The ‘case’ was presented by Ruslan Shambazov, a senior officer at the ‘Centre’ who has been involved in numerous politically motivated case. Shambazov falsely claimed that Bekirov had gone onto that page a week earlier, although provided no evidence to back this. Despite the absurdity of these charges, Bekirov was jailed for a further 3 days.

Bekirov himself called the measures against him a message to all Crimean Tatars "that they should be frightened, not come out, not be active".

Neither Bekirov nor other Crimean Solidarity activists let themselves be cowered. Bekirov continued providing coverage of repression, and was also a major initiator of efforts to help the families of political prisoners.

The first use of ‘terrorism’ charges of Crimean Solidarity activists began on 11 October 2017, and has continued since. Russia is accusing the men of involvement in Hizb ut-Tahrir, a peaceful pan-Islamist party which has never committed an act of terrorism or violence anywhere in the world, and which is legal in Ukraine. The Russian Supreme Court declared it ‘terrorist’ in 2003 at an effective secret court hearing and has never provided grounds for considering the movement to be ‘terrorist’.

The arrests on 27 March 2019 were a particularly brazen attack on Crimean Solidarity, with all of the men, including Remzi Bekirov, civic journalists or activists. Bekirov was not at home that morning when armed and masked FSB and National Guard men burst into at least 24 homes in Crimea. He, fellow Crimean Solidarity civic journalist Osman Arifmemetov and activist Vladlen Abdulkadyrov were seized in a café late in the evening on 27 March. Bekirov has told his lawyer Edem Semedlyaev that all the men were savagely beaten, Arifmemetov so badly that he briefly lost consciousness. They were then taken to a forest where they were again beaten, before being transported for six hours, handcuffed and with their arms behind their back to Simferopol. After a Russian-controlled ‘court’ remanded him and the others in custody until 15 May, all the men were secretly taken by plane to Rostov-on-Don where they are being held in separate SIZO [remand prisons].

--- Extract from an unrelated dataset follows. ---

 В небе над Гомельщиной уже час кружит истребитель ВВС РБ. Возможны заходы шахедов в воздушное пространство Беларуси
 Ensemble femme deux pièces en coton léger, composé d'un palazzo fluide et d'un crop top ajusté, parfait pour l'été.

All the civic activists are charged either with ‘organizing a Hizb ut-Tahrir cell’ [Article 205.5 § 1 of Russia’s criminal code], or with the less serious charge of ‘involvement’ in such a group [ Article 205.5 § 2]. These cases are truly shocking, since no proof at all is required of either Hizb ut-Tahrir or the men ‘on trial’ having ever committed any crime. No evidence is, in fact, even required that the men are members of Hizb ut-Tahrir, since Russia uses ‘experts’ who will always be prepared to provide the ‘assessment’ required, and ‘secret witnesses’ who can have been tortured or paid into testifying to having heard the men talk about Hizb ut-Tahrir.

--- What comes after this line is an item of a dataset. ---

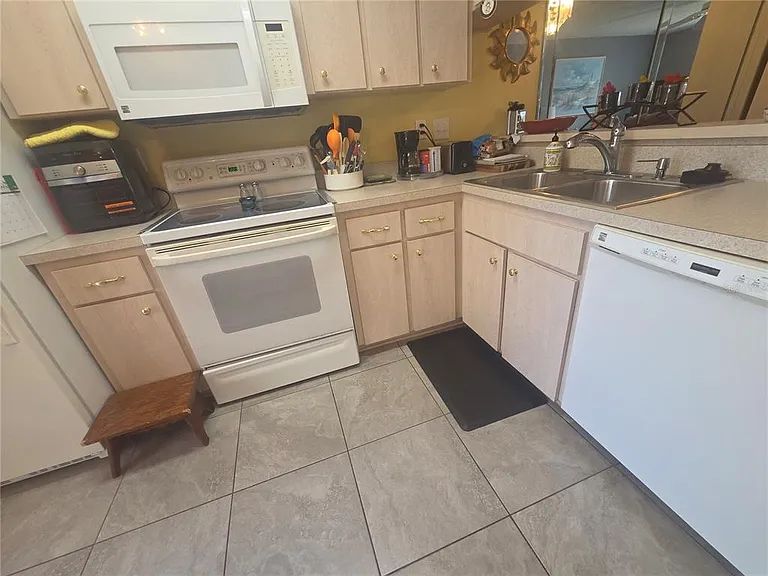 6433 Tina Dr #11 — Photo 9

For this, men charged with ‘organizing a cell’ can face sentences of 20 years or even life, while those accused of ‘involvement’ are likely to get 10-20 years.

The reasons why one person is accused of ‘organization’, another of ‘involvement’ seem either simply arbitrary, or positively sinister.

Bekirov was a major force within the Crimean Solidarity movement. He worked tirelessly to report on repression and had, at the beginning of March this year, become an accredited correspondent for the independent Russian Internet publication Grani.ru.

He is now facing the more serious ‘organizer’ charge and, potentially, a life sentence.

Remzi and his wife Khalide have three children – two boys (Mukhammed, born in 2009) and Salakhuddin (b. 2012) and a small daughter, Safiye, born in June 2014.